All you need is a browser...

Spurred on by recent discussions about whether civil servants should be used IE6 when the world+dog has moved on to newer, more secure platforms, I wondered if there wasn't another way around the problem of getting applications to the end user, a costly process that involves time-consuming and thorough testing in order (as one commentator has already pointed out) to reduce the load on the support desk.

Spurred on by recent discussions about whether civil servants should be used IE6 when the world+dog has moved on to newer, more secure platforms, I wondered if there wasn't another way around the problem of getting applications to the end user, a costly process that involves time-consuming and thorough testing in order (as one commentator has already pointed out) to reduce the load on the support desk.

I was talking recently to Centrix Software, which has developed an application delivery platform.

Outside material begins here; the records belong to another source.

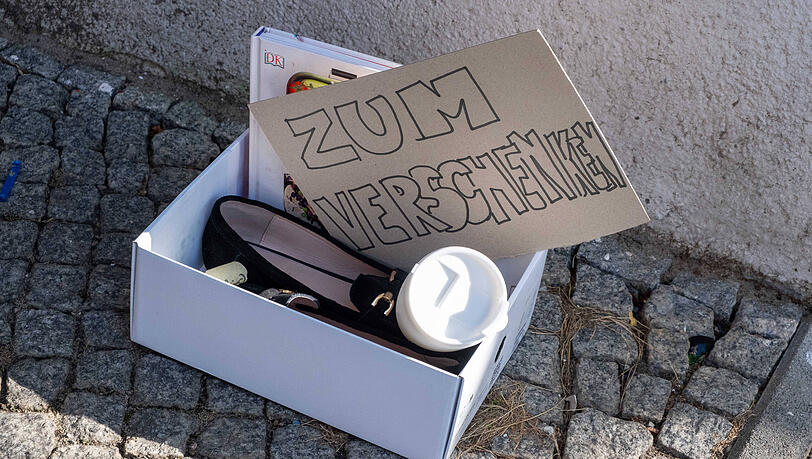 Kisten und Kartons mit Sachen, die zu verschenken sind, ist eine Ordnungswidrigkeit und kann ein Bußgeld kosten. Kisten und Kartons mit Sachen, die zu verschenken sind, ist eine Ordnungswidrigkeit und kann ein Bußgeld kosten.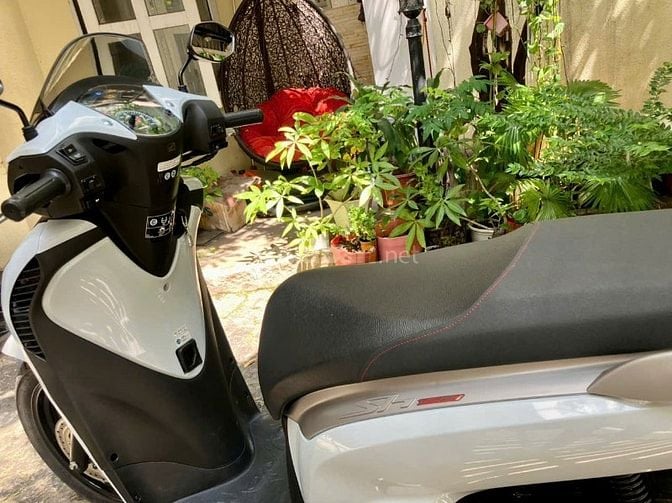 Bán xe @ 150 cảm ứng úp lên SH-i full Ý 2012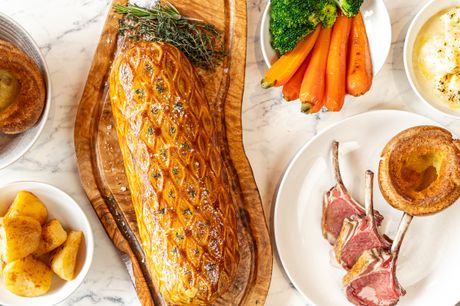 £39 -- 2-course Sunday lunch for 2 at 5-star London hotel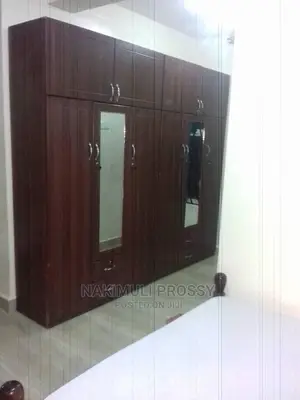 Inbuilt Wardrobe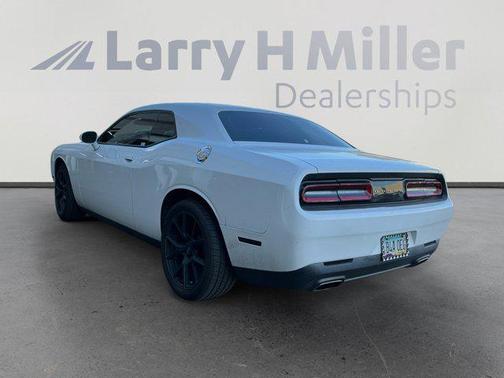 2017 Dodge Challenger SXT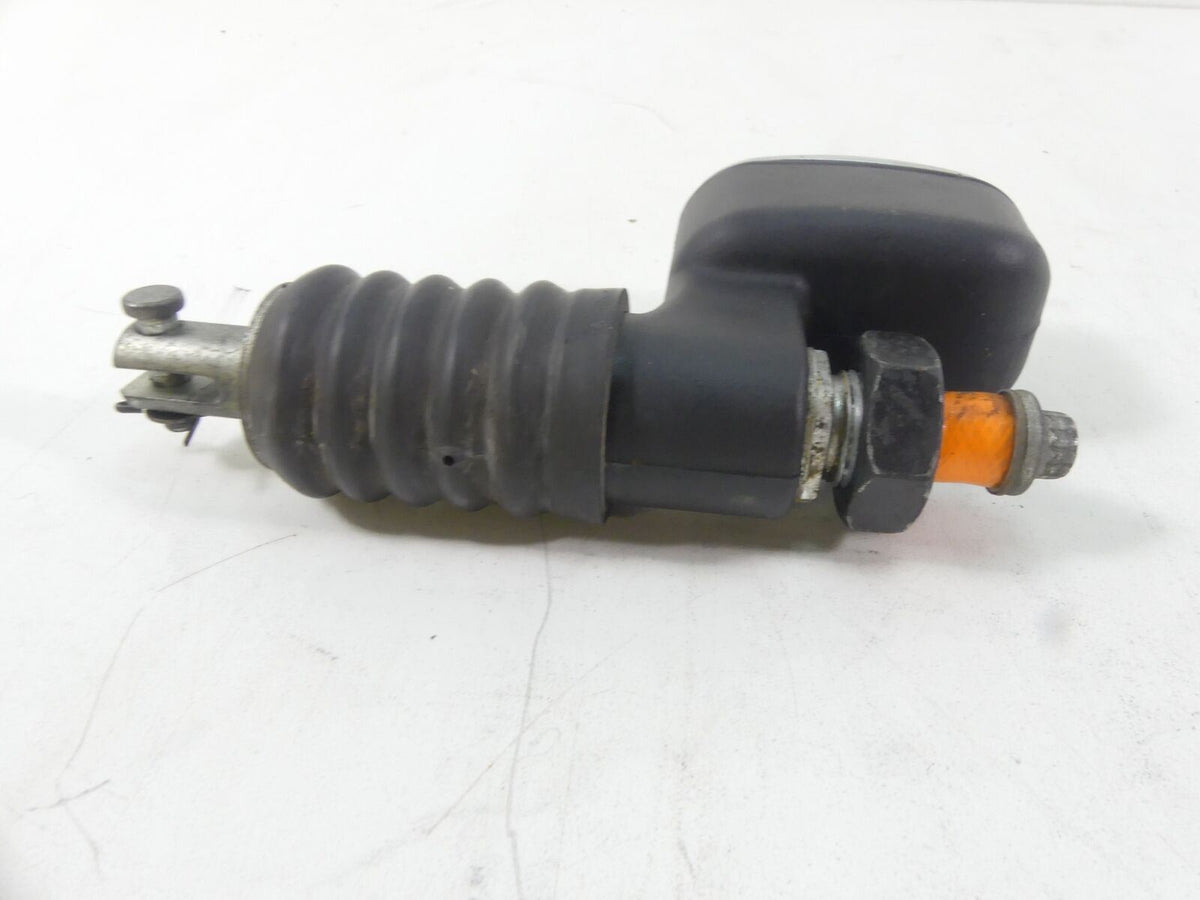 2006 Harley Touring FLHCU SE CVO Rear Brake Master Cylinder 46467-05 {{ shop.shopifyCountryName }} - Mototech271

All applications can be delivered to the user via the browser, no matter what the back-end is -- from VMware VDI to Citrix XenApp etc.

No enterprise-owned applications sit on the users' hard disks, which has the side-benefit of reducing the number of licences you need: ten Photoshop users don't need ten licences when the applications are delivered from a central point, as it's unusual for all 10 to be running the application concurrently, so you might be able to chop the licensing bill in half.

It's not the only one out there -- Tibco does something similar and on a larger scale -- but it is, in my view, a good example of how to circumvent many of the problems of application delivery.

And all end users need is a browser. Isn't this where we came in?